又、仏世尊は此身はどうした物じや、心はどうした物じやと云ふことを、明かに思惟なされて、菩提樹下にて廓然大悟なされたが、今日の仏世尊釈迦如来じや、此仏世尊に帰依し奉るを帰依仏と云ふ、
又、仏も法を以て師とすとあつて、法に依て修行されたが、今日の者も法に依て出離生死の道を修行するに依て、次に法に帰依し奉る是を帰依法と云ふ、何を法と云ふならば、仏の世に出現なされたは、一切衆生に真実の道を御示しなさる事より外は、仏の御用はないが、其御示しなされたが今日の御経じや、まあ是が法で世間の十念を授くるも、一分の帰依法じや、法華の題目を唱へるもの、一分の帰依法じや、
又、僧と云ふは仏在世の迦葉・阿難からして、歴代の祖師乃至今日の剃髪染衣の者が僧じやが、仏の御説法を迦葉・阿難等の羅漢達が、記録して経になされて、今日末世迄も伝はるは僧がある故じやに依て、今日の出家が、少々心は純一になくとも、剃髪染衣の出家たる者をば、隨分疎末にせぬがよい、是が隨分の帰依僧じや、
『慈雲大和尚法語』巻下・3頁、段落や漢字表記など見やすく改める
いわゆる仏法僧とはどのような存在であるかを示したものである。一方、これは宝暦12年(1762)の記録であることも頭に置いて読まなくてはならない。つまり、当時の三宝が、どう扱われていたのかを確認する必要があると言える。

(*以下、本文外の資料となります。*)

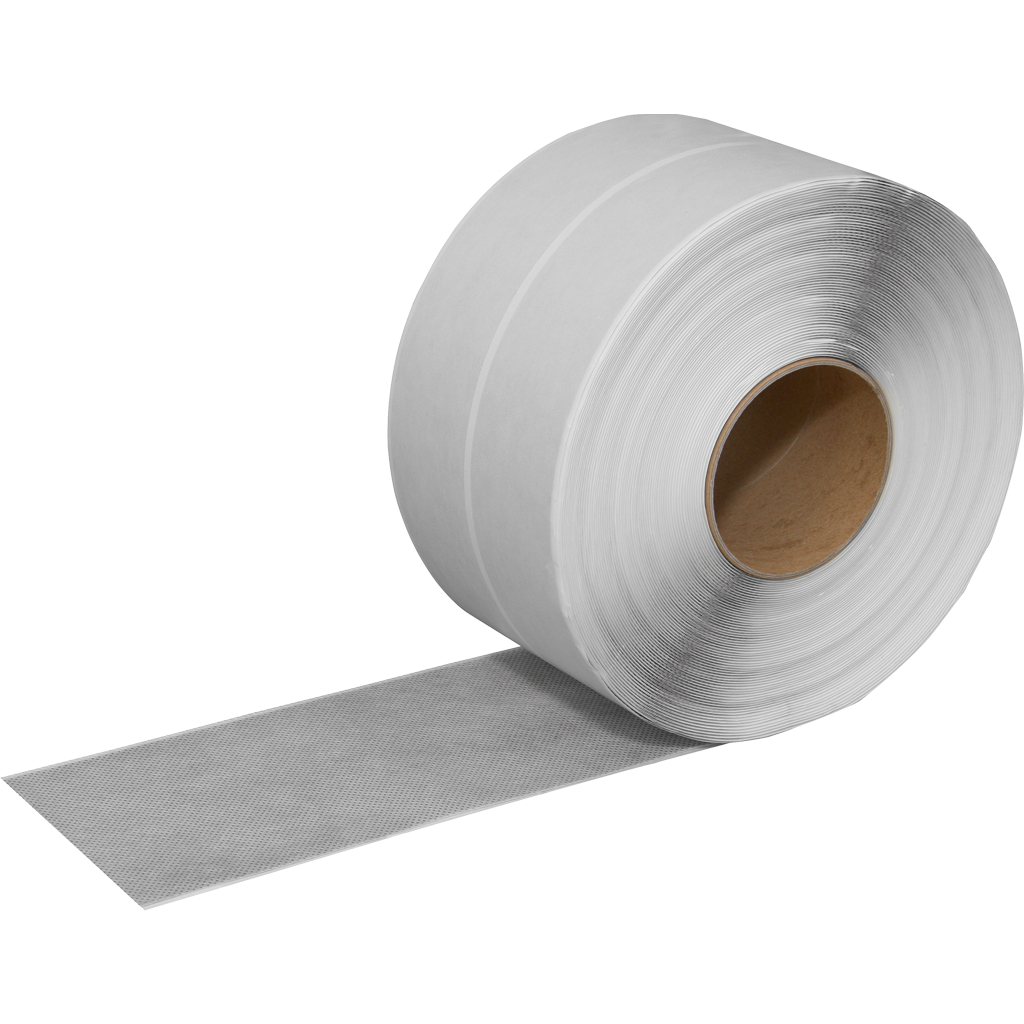 Sopro FlexDichtBand FDB 524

まず、仏宝であるが、この場合、仏像などを挙げるのでは無く、かの菩提樹下にて大悟成道された、釈迦牟尼仏をもって仏世尊としている。その仏に帰依をすることを、帰依仏としている。
続いて法宝であるが、慈雲尊者は法の優越を説く。つまり、仏世尊であっても、法に依って修行するからこそ生死を出離したとし、帰依の対象としている。これが帰依法である。ところで、慈雲尊者は「十念(浄土宗の引導)」についても、「法華の題目(日蓮宗)」についても、帰依法であるという。「十念」とは、「南無阿弥陀仏」を10回唱えることだろうけれども、それを「帰依法」としていることが気になるが、その内、慈雲尊者の念仏観などを確認する機会を得たいものだ。

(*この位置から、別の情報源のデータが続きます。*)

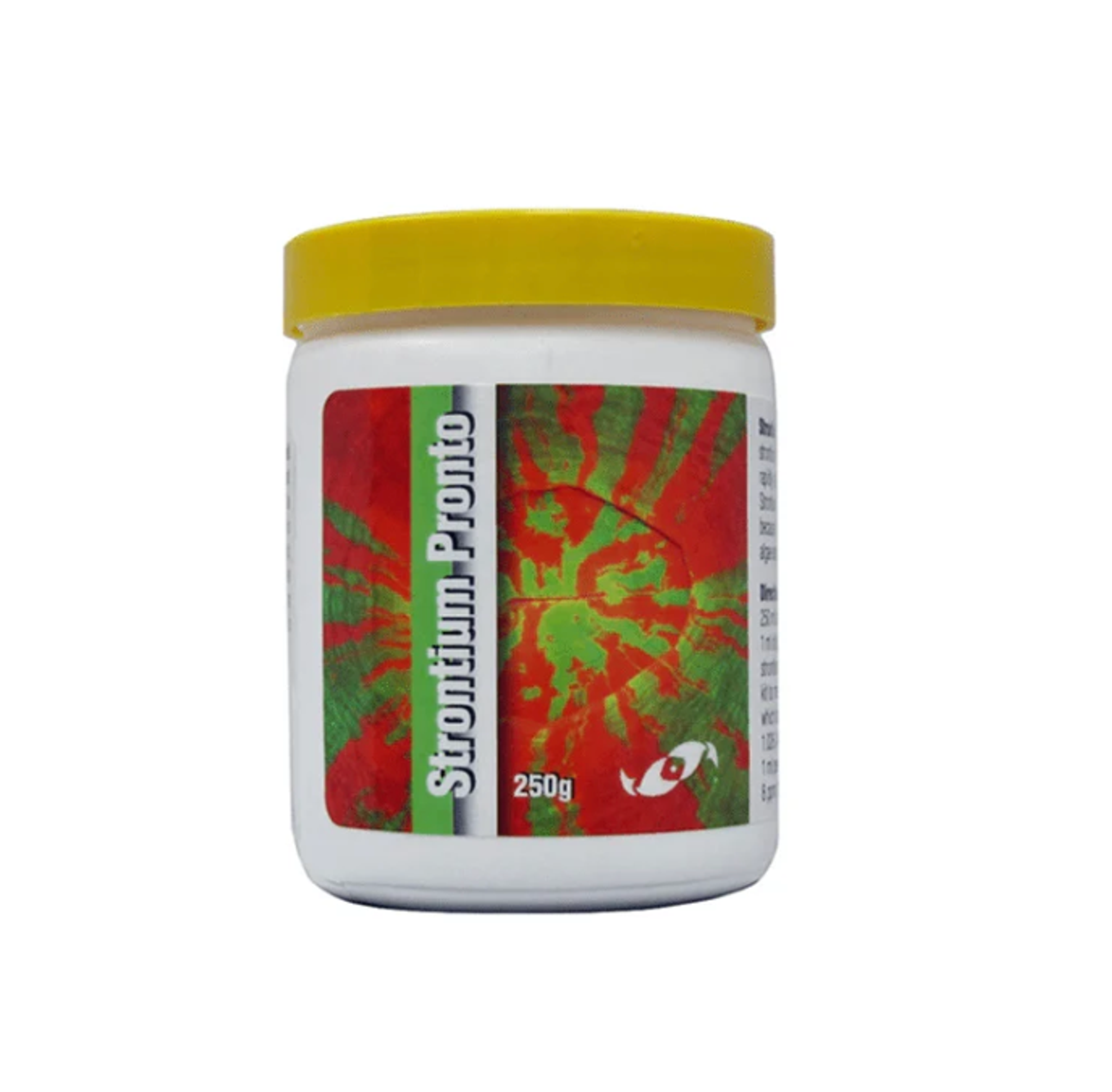 TLF Strontium Pronto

また、今回問題にしたい僧宝についてである。慈雲尊者はまず、迦葉尊者や阿難尊者という理想的存在を挙げているが、これだけで終わると、結局は理想主義者に堕すところだが、流石は現実をしっかりと見据えていた慈雲尊者、迦葉尊者などだけでは無く、その後の?代の祖師も僧宝とし、また、同時代の剃髪し、袈裟を着けただけの者も僧宝だとしている。何故ならば、こういった僧宝の働きによって、釈尊の教えが当代まで届いたからである。
しかも、「今日の出家が、少々心は純一になくとも、剃髪染衣の出家たる者をば、隨分疎末にせぬがよい」という教えは、とてもありがたく拝した。これは、宝暦年間だけで無く、この令和でも同じである。問題は、慈雲尊者は「少々」と仰っているが、もしかしたら今は「かなり」かもしれない。でも、疎末にしない方が良い、というのはその通りだと思うのである。
いつも思うのは、僧侶を養えなくなるほどに追い込まれた社会には、どうあっても幸せなどが訪れないように思うためだ。無産者としての僧侶に帰依できない社会の、何と暗いことよ。